Data records:
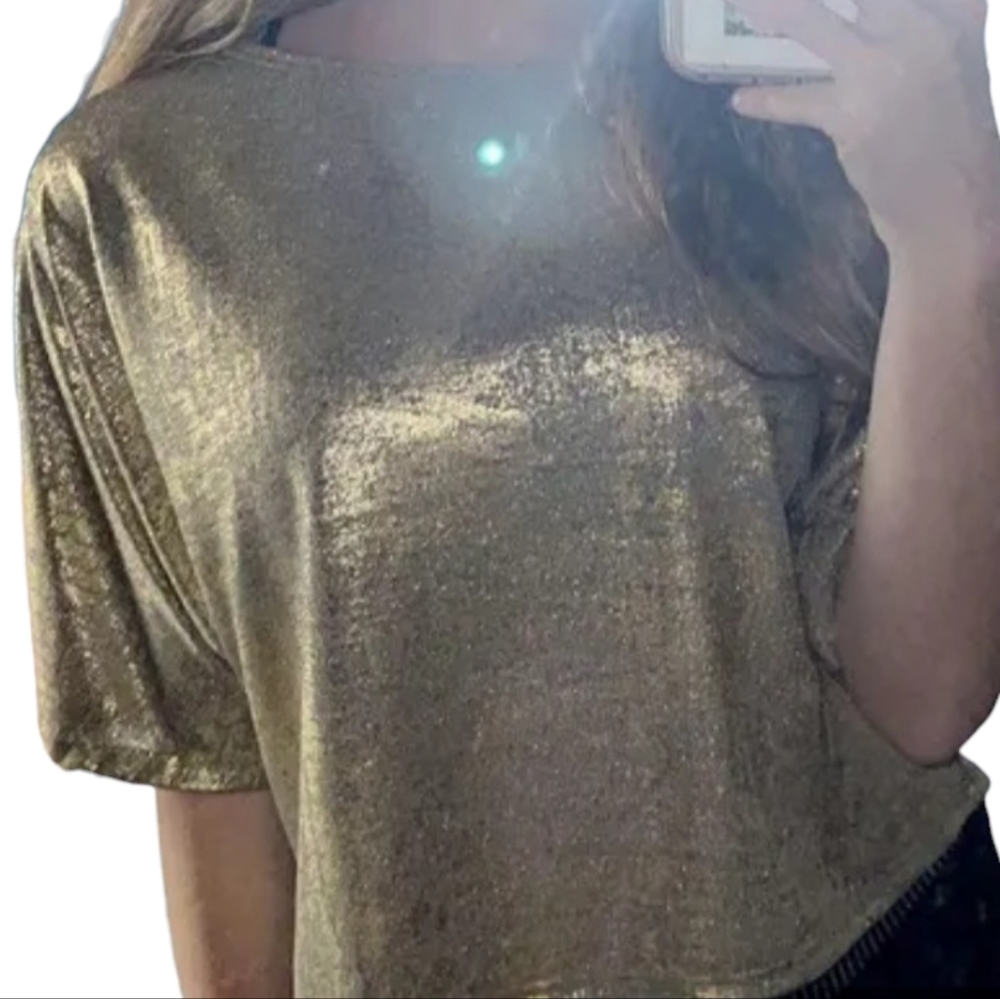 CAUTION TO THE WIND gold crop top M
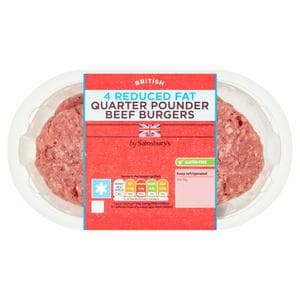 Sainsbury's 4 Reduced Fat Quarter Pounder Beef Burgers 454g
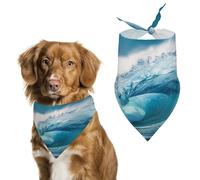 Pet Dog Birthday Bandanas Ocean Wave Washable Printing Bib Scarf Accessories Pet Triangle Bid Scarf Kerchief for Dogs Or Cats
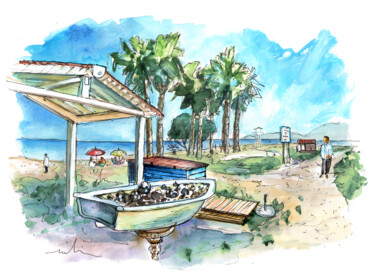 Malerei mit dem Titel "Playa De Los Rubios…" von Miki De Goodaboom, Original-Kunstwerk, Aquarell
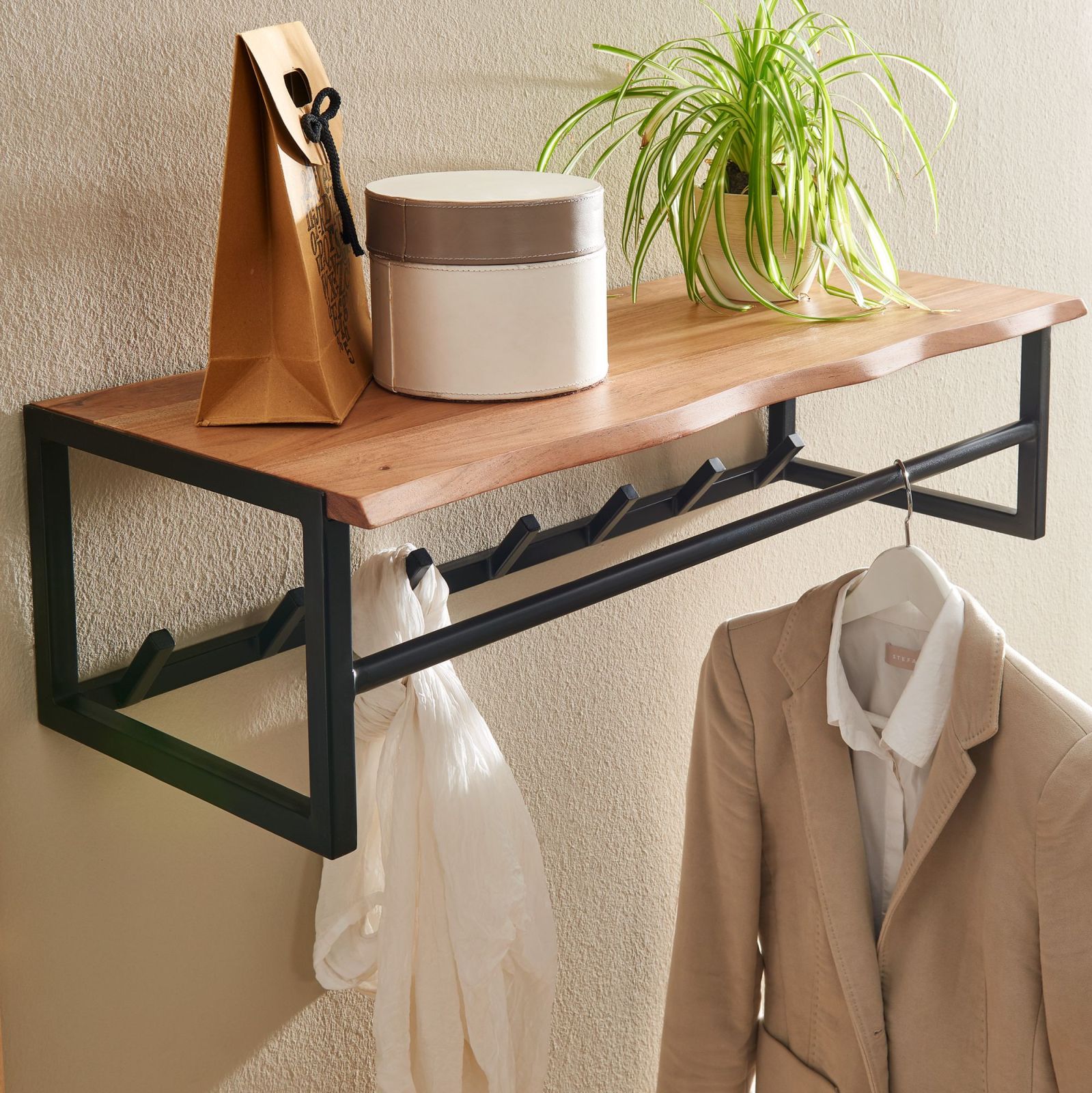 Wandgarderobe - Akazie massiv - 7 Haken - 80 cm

## Exercise brief
All entries need to be duplicated exactly, apart from the images.

## Exercise response
 CAUTION TO THE WIND gold crop top M
 Sainsbury's 4 Reduced Fat Quarter Pounder Beef Burgers 454g
 Pet Dog Birthday Bandanas Ocean Wave Washable Printing Bib Scarf Accessories Pet Triangle Bid Scarf Kerchief for Dogs Or Cats
 Malerei mit dem Titel "Playa De Los Rubios…" von Miki De Goodaboom, Original-Kunstwerk, Aquarell
 Wandgarderobe - Akazie massiv - 7 Haken - 80 cm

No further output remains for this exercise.